English Literature
Course summary
In the first year pupils will study Component 2: Comparative and Contextual Study, where the focus is on a literary genre: The Immigrant Experience, American Literature (prose) 1880-1940 or Dystopia, for example. There is a requirement to study an exam text: Small Island by Andrea Levy and The Reluctant Fundamentalist by Mohsin Hamid being two recent choices, as well as reading widely around the topic area. A willingness to embrace literary criticism, to consider the contexts in which a work has been written and received, and an awareness of film and stage adaptations is essential.
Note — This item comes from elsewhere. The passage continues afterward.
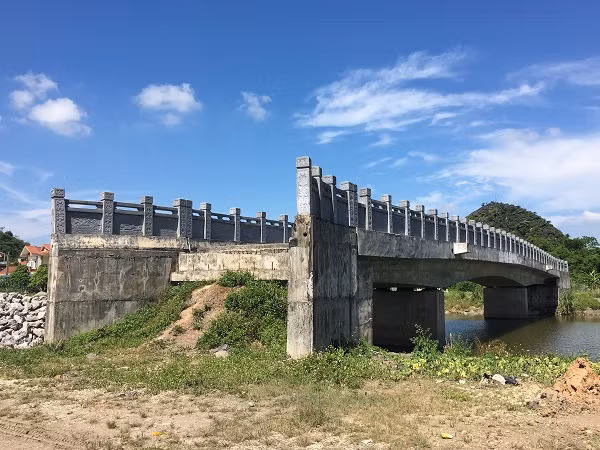 Một trong những cây cầu của dự án xây dựng dở dang hoang phế suốt nhiều năm qua. Ảnh: TN&MT.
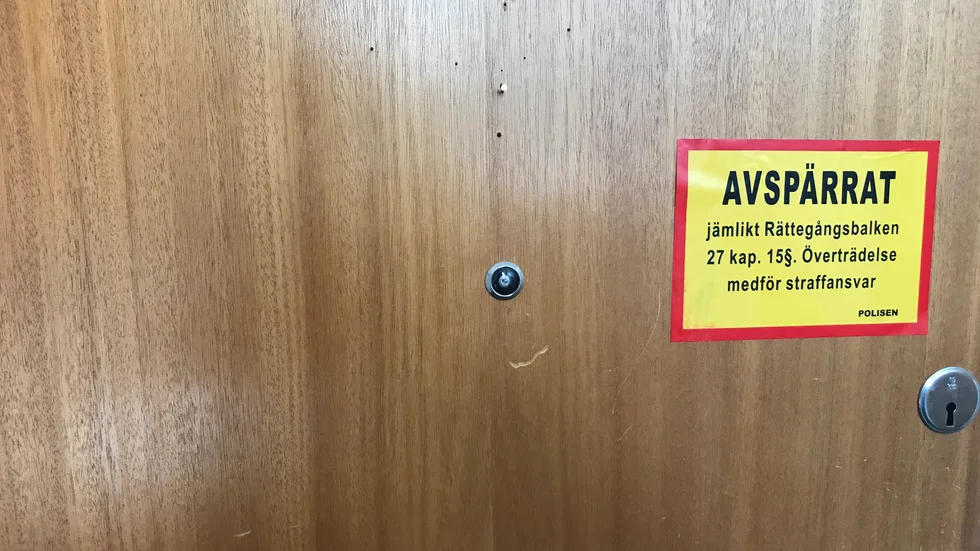 Lägenheten där mannen hittades död den 15 augusti spärrades av.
Towards the end of the year pupils begin to plan their coursework tasks, submitting titles to the exam board for approval at the end of the spring term. The coursework folder has a 3000 word limit, excluding titles, quotations, footnotes and bibliography, and should include comparison of a drama, a prose and a poetry text. The texts should all have been published and performed in 1900, or later, and one of the three must have been first published or performed after 2000. In the second year pupils study Component 1: Drama and Poetry pre-1900, comprising one Shakespeare text, with a range of choice from ‘Coriolanus’ to ‘Twelfth Night’, as well as one other pre-1900 drama text, The Duchess of Malfi or An Ideal Husband, for example, and some poetry, possibly, Chaucer’s The Merchant’s Prologue and Tale, Coleridge’s Selected Poems or Tennyson’s Maud. All texts mentioned above are on the syllabus but all choices are subject to individual teacher choice.